En quête de son enfant, coûte que coûte
Certaines femmes, aidées par des personnes de la communauté ou des organisations comme le CICR, parviennent quand même à engager des recherches et à retrouver la trace de leurs enfants. C'est le cas d'Ana.
Mais cela ne signifie pas qu'elles sont arrivées au bout de leurs peines. "Encore faut-il qu'elles parviennent à y aller", souligne Pascale Bourgaux.
Beaucoup d'enfants sont adoptés illégalement
Ana, elle, a dû mentir à sa famille, en prétextant la participation à un colloque de victimes. Elle a pris l'avion pour se rendre dans l'orphelinat où vit sa fille. Ana n'a eu que 48 heures pour faire les papiers de reconnaissance de maternité, afin que sa fille ne soit pas adoptée.

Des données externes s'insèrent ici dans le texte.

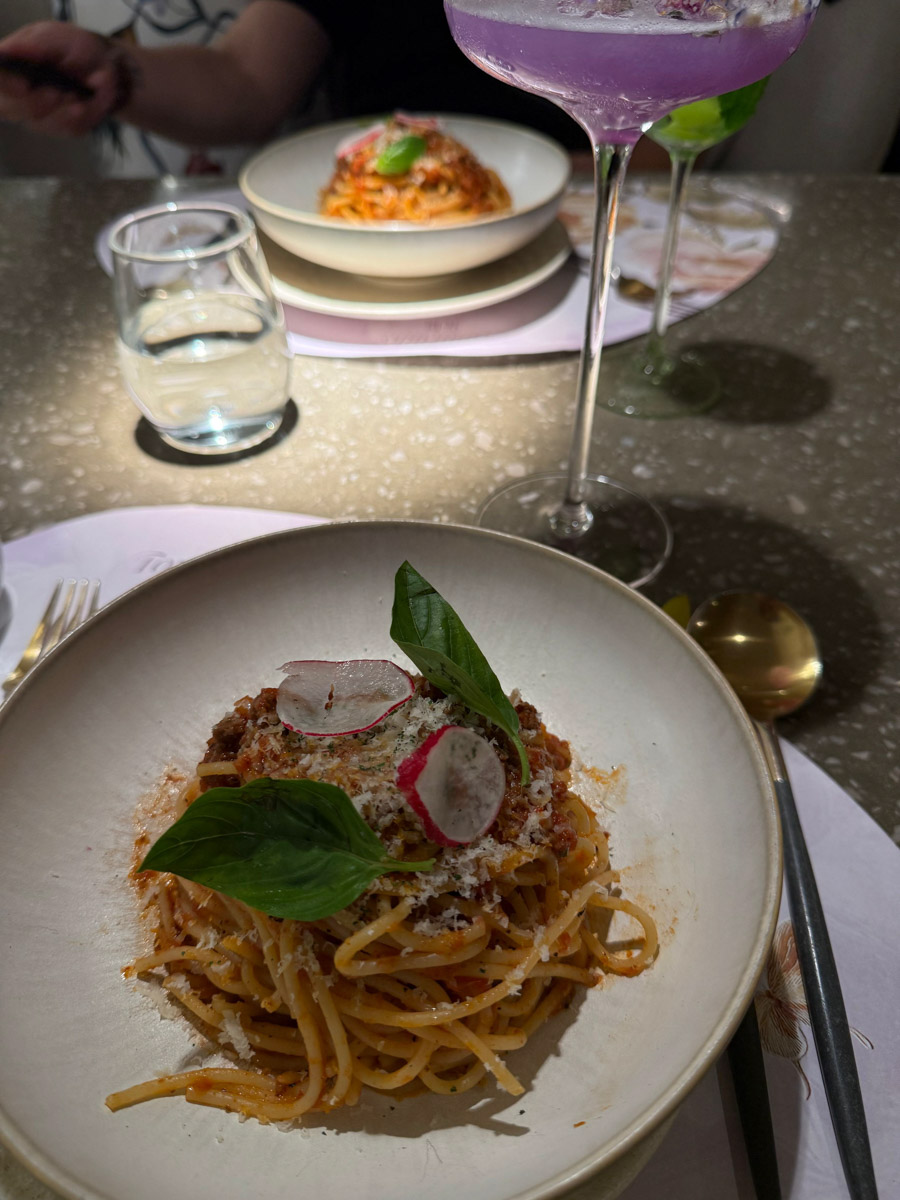 За последние годы Азия стала одним из самых популярных направлений для путешествий. Восточные страны активно развивают туризм, а мы всё сильнее хотим узнать об их жизни. А еще лучше — увидеть ее своими глазами. Именно с такой целью Елизавета Ибрагимова с семьей отправилась в Южную Корею и Китай. О своем тревел-приключении блогер поведала «Ключ-Медиа».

D'autres femmes et enfants n'ont pas cette chance. "Beaucoup d'enfants sont adoptés illégalement", note Pascale Bourgaux. "Les mamans ne sont jamais au courant. Certaines mamans savent que leur enfant a été adopté, mais n'arriveront jamais à le récupérer, sauf aide internationale."
Restées aux côtés de leurs ravisseurs
Toutes les détenues n'ont pas été libérées depuis 2019 et la chute du groupe Etat islamique en Irak. Certaines ont été emmenées par des djihadistes à l'étranger, en Arabie saoudite, en Tchétchénie ou au Yémen. "D'autres, sachant qu'elles devraient abandonner leurs enfants si elles revenaient dans leurs familles, ont décidé de rester avec leurs bourreaux. Elles ont préféré rester avec leur violeur pour ne pas perdre leur enfant", note la réalisatrice.
Ce rejet d'enfants issus de viols se retrouve partout autour du globe, ajoute-t-elle, précisant que son film n'est pas à charge contre les Yézidis. Au contraire, il a pour vocation d'amener cette communauté "à réfléchir à ce problème". Pascale Bourgaux ajoute que certains Yézidis "modérés" sont partisans de l'intégration de cette progéniture bannie.